What the exercise asks: Write out the whole listing again so that each line matches the original.

Dataset excerpt:
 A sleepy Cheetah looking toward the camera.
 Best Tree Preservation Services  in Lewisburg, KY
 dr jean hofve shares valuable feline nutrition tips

Finished exercise:
 A sleepy Cheetah looking toward the camera.
 Best Tree Preservation Services  in Lewisburg, KY
 dr jean hofve shares valuable feline nutrition tips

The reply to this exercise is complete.